Improving engagement and emotional commitment means leaders and employees need to change “how” they connect and “what” they do. Since engagement is an emotional connection, leaders and employees need to look at how well they encourage and create emotional connections.
Leadership vulnerability is an emotional connection and an asset to any team. According to author Susan Robertson, in her book REAL Leadership: Waken to Wisdom, vulnerability takes courage and strength. Some believe that being vulnerable means exposing one’s weakness, therefore leaving you open to being attacked. But being vulnerable also means being open and expressing oneself emotionally, authentically, and truthfully. When leaders are vulnerable and human, they engender trust.
Vulnerability allows people to relate and connect. to one another. This is a leadership skill, not a weakness. When people on teams and in organizations trust each other, they create the foundation for high performance.

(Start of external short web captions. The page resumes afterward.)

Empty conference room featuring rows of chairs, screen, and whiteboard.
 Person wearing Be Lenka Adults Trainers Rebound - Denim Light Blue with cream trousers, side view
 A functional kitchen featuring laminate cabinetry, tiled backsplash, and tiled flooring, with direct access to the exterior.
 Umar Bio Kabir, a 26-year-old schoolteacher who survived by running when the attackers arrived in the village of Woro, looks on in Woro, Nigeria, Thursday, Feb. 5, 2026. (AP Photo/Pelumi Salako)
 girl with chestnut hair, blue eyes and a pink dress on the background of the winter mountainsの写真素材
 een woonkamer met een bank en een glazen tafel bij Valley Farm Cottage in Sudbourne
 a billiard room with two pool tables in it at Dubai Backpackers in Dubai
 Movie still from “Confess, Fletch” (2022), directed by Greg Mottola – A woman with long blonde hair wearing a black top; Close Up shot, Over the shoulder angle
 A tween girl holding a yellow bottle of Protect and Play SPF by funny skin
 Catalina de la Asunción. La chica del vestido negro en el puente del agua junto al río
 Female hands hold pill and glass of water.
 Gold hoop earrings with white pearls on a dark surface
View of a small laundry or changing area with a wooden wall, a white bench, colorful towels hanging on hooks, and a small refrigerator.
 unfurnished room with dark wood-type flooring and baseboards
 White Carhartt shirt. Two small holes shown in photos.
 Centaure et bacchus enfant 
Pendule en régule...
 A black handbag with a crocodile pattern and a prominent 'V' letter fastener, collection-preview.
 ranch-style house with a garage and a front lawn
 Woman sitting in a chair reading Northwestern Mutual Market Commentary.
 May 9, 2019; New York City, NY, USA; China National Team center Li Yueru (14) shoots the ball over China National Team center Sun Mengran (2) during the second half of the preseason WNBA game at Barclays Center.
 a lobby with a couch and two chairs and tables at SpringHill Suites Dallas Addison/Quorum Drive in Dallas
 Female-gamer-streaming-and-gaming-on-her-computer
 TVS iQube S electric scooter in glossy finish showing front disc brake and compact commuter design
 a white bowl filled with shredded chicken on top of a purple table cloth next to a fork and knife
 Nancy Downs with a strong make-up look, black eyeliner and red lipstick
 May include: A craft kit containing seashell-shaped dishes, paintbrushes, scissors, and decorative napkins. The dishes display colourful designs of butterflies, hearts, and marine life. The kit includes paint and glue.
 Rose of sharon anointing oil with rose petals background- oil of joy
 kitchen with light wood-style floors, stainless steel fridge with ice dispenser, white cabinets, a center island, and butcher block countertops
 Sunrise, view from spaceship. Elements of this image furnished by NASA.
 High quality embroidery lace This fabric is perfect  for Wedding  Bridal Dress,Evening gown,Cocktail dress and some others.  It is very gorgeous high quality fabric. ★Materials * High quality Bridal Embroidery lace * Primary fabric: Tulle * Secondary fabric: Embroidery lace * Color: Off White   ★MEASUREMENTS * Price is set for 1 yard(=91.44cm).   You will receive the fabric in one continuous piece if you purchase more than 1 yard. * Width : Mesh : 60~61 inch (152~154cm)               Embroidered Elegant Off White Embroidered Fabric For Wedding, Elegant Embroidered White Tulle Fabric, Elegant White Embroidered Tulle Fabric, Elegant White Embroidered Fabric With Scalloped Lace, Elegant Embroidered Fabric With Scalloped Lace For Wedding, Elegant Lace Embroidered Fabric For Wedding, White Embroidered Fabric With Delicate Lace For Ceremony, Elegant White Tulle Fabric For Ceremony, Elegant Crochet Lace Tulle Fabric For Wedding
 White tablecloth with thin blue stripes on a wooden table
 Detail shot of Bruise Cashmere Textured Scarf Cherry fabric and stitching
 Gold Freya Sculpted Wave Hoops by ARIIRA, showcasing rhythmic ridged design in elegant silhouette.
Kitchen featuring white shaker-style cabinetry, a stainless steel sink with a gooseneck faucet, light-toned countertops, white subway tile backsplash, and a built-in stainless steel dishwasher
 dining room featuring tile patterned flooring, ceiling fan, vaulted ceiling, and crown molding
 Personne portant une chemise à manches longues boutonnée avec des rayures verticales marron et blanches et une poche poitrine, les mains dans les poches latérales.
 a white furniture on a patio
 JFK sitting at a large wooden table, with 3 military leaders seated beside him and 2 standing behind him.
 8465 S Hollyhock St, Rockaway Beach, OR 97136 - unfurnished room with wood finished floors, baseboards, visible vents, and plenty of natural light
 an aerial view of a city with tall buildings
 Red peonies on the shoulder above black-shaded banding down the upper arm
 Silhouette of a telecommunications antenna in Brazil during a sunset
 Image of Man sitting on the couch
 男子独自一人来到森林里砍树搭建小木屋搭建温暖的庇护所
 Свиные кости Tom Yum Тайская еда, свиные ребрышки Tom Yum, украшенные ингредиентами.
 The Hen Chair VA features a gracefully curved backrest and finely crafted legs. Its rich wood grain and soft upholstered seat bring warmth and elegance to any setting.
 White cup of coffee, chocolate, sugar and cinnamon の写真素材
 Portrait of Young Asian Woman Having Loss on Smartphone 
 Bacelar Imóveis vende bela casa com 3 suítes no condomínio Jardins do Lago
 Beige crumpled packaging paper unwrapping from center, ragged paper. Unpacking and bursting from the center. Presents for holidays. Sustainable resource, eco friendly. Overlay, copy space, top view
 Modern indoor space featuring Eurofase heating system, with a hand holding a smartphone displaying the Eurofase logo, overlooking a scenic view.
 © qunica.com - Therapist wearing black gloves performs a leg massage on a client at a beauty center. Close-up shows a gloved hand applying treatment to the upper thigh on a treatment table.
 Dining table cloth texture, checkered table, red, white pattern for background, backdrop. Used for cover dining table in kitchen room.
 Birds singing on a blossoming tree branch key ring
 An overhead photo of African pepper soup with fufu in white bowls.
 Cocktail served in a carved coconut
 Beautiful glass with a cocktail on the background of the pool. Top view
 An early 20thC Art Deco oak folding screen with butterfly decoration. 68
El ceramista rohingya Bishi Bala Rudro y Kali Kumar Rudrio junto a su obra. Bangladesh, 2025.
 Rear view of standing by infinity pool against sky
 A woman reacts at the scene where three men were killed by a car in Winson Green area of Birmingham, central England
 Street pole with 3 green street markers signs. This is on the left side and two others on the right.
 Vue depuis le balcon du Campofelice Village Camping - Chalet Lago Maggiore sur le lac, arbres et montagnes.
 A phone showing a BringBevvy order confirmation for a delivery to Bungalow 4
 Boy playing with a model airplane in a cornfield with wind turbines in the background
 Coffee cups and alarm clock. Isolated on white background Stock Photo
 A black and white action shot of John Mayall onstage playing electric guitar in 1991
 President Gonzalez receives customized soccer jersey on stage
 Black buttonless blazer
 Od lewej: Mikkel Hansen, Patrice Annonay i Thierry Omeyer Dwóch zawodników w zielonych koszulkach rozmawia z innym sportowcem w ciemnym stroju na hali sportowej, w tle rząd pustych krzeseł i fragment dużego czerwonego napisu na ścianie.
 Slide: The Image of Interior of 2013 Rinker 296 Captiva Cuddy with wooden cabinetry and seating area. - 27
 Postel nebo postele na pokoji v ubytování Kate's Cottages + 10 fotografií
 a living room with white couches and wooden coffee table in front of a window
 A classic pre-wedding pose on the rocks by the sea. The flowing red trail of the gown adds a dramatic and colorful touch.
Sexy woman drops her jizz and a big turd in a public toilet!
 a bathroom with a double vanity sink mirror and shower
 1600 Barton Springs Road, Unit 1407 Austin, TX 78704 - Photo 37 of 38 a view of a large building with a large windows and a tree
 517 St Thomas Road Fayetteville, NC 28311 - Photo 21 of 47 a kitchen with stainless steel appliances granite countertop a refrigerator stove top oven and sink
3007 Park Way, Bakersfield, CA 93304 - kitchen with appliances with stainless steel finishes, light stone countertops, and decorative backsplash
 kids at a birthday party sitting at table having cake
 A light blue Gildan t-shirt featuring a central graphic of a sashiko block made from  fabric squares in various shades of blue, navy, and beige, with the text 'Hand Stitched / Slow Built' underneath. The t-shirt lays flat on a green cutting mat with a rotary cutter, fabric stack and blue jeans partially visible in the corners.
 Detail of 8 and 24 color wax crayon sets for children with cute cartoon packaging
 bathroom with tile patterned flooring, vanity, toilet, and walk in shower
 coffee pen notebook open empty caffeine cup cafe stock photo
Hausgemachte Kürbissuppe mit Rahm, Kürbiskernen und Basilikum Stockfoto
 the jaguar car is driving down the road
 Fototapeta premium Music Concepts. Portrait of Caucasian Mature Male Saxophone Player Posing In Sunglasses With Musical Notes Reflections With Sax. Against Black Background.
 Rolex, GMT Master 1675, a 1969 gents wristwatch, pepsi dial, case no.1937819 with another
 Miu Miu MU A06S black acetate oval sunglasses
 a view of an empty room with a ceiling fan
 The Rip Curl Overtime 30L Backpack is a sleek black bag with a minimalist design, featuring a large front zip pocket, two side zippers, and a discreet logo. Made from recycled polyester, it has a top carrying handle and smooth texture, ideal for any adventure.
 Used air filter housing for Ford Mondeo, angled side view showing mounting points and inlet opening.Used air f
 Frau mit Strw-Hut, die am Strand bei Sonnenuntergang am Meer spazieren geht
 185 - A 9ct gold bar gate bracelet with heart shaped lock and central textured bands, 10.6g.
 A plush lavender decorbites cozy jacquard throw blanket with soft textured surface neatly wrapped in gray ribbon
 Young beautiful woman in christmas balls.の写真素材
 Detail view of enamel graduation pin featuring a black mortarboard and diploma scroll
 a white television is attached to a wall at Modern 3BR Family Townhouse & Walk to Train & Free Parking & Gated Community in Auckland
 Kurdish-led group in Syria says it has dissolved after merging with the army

In the January-February 2017 print edition of the Harvard Business Review, neuroeconomist Paul J. Zak puts forth his team’s decades-long research into how humans build trust. In the article, “The Neuroscience of Trust,” Zak explains that “when an individual asks for help, the oxytocin levels of the person receiving the request increases. (Oxytocin is a brain chemical that is associated with, among other things, social bonding.) In other words, when a person demonstrates vulnerability, others are socially inclined to assist.”
Far from being a sign of leadership weakness, expressing uncertainty or requesting assistance (in moderate doses) builds camaraderie. “Asking for help is the sign of a secure leader– one who engages everyone to reach goals,” writes Zak. This also applies to the individual employee.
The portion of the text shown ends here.